7 Ekim 2015 Çarşamba

Annelik Okulu ve Ekim Ayı

akşam geç vakit kapı çalıyor, gelen pijaması ve küçük kızı ile komşunuz ise
kabul edin artık büyüdünüz.
evin her daim toplu olmasını sağlayan komşuluk ilişkileri,
hasta olsam gelir, diye düşünebileceğiniz sağlam bir dost
iki dakika çocuğumu emanet edebileceğim biri.
aaaa ne büyümesi, eni konu yaşlanmak bu
oturmuş komşulardan bahsediyorum.
ama annemden özendiğim şeyleri şimdi kendim yaşamaya başladım, o yüzden sanırım.

aslında boş kağıdın başına oturduğumda, bugunden bahsedecektim,
sabah değişik bir sıcaklıkla ve serinlik veren sisden.
parkdaki ıslak salıncaklardan ve köpeklerden
ama yaşadım bitti, tekrar edebileştirmeye çalışmanın manası yok.
hem de onca imla hatası yapıyorken:)
şaka bir yana dün gece hevesle yazdıklarım imla ve yazım yanlışları içinde uçup geldi buraya
kontrolu daha sıkı tutmalıyım, ne mutlu bana ki arkadaşlarım ve eşim yazımı okuyup beni olumlu eleştirileri ile yücelttiler.

ekim ayı birçok insan için yenilik ayıdır
belki okulların açılması veya mevsim dönüşümü neden oluyordur ama
bende etkileri her yıl büyük yaşanıyor.
her eylül ekim ayında okul, kalem, defter isteği ile dolar taşarım.
birkaç kalem ve defter ile bu isteği bastırır, kendi kendime okuma listeleri hazırlar
kütüphanemde okunacak kitaplar rafı yaparım.
geçen yılların birinde çok sevdiğim bir dil olan italyanca
öğrenmek için kursa bile yazılmıştım ekim ayında.

oğlumun doğum günü de ekimin biri
sanırım bu yaşıma kadar kayıt olduğum ve bitirdiğim en önemli okul, annelik okulu olacak
gerçi annelik okulundan mezun olunmuyor ki ....
anneciğimin forması hala üzerinde
anneee hasta oldum
annneeeee temizlik var
annne gezelim
annneeee annneeeeeee
şükürler olsun yanımızda,
sağlıklı ve enerjik bir insan annemiz
buradan annesini kaybeden arkadaşlarımın acılarını paylaşıyorum . rahmet diliyorum .zor bir durum...

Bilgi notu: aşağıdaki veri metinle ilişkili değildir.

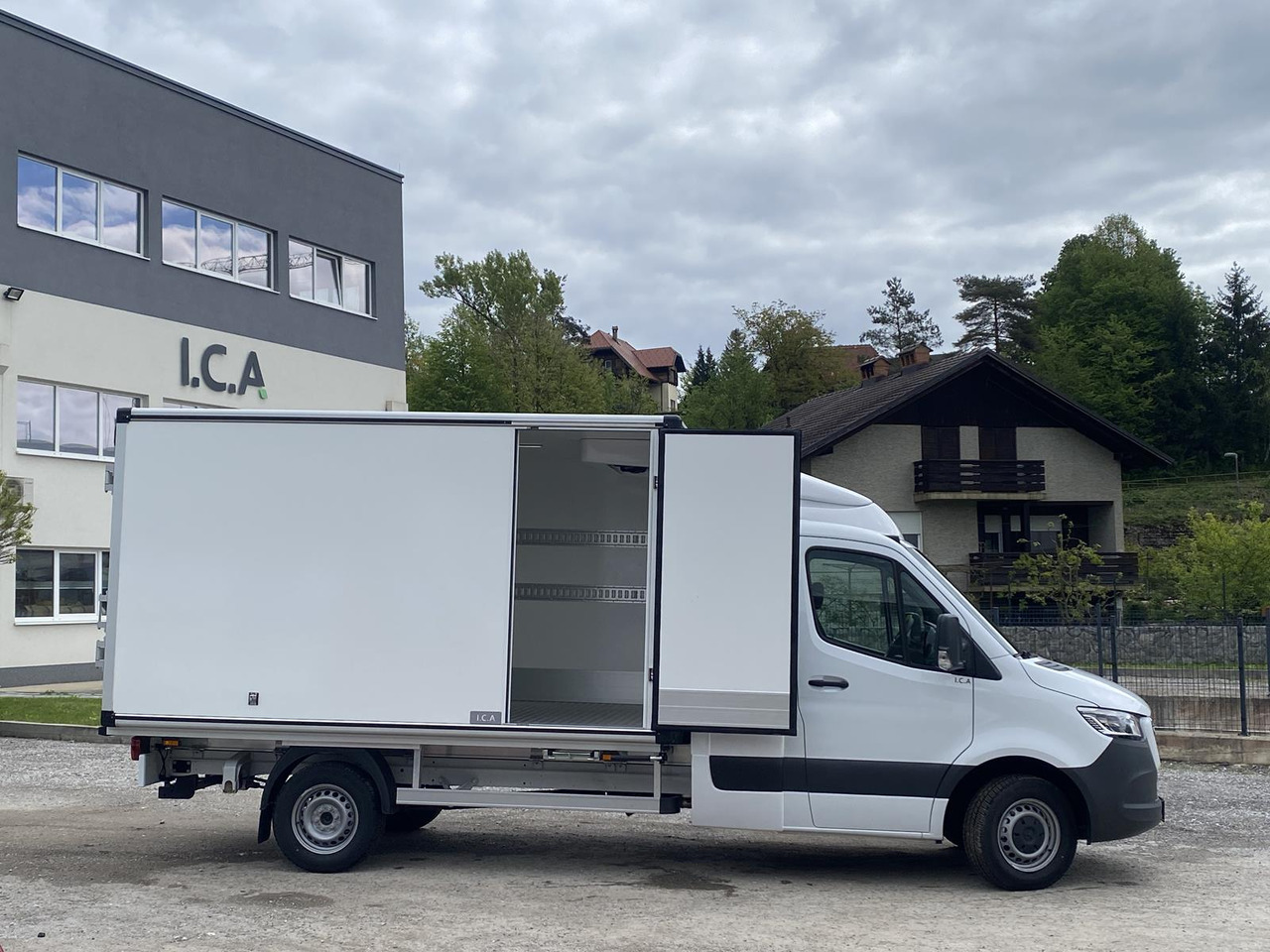 MERCEDES BENZ SPRINTER 317 CDI | DOPPELREGIME TIEFKÜHLKOFFER + BACKSLEEPER - Refrigerated van: picture 4 MERCEDES BENZ SPRINTER 317 CDI | DOPPELREGIME TIEFKÜHLKOFFER + BACKSLEEPER - Refrigerated van: picture 4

kişi ne kadar çok yardım isterse ve o isteği ne kadar çok karşılaşırsa o kadar dayanıksız oluyor.
annemin yardım isteyeceği bir annesi olmamış her zorlukla kendisi başa çıkmış
süperman gibi bişeydi, hatırlıyorum
yorulmazdı
sıkılmazdı
durmazdı
ama bizler feci dayanıksız ve mız mızız
kendimi ve kardeşimi bu manada çok eleştiriyorum
sürekli yedek tekerleklerin üzerinde giden
bisikleti yeni alınmış çocuklar gibiyiz
düşmekten o kadar korkuyoruz ki iki tekerleğe geçiş yapmıyoruz.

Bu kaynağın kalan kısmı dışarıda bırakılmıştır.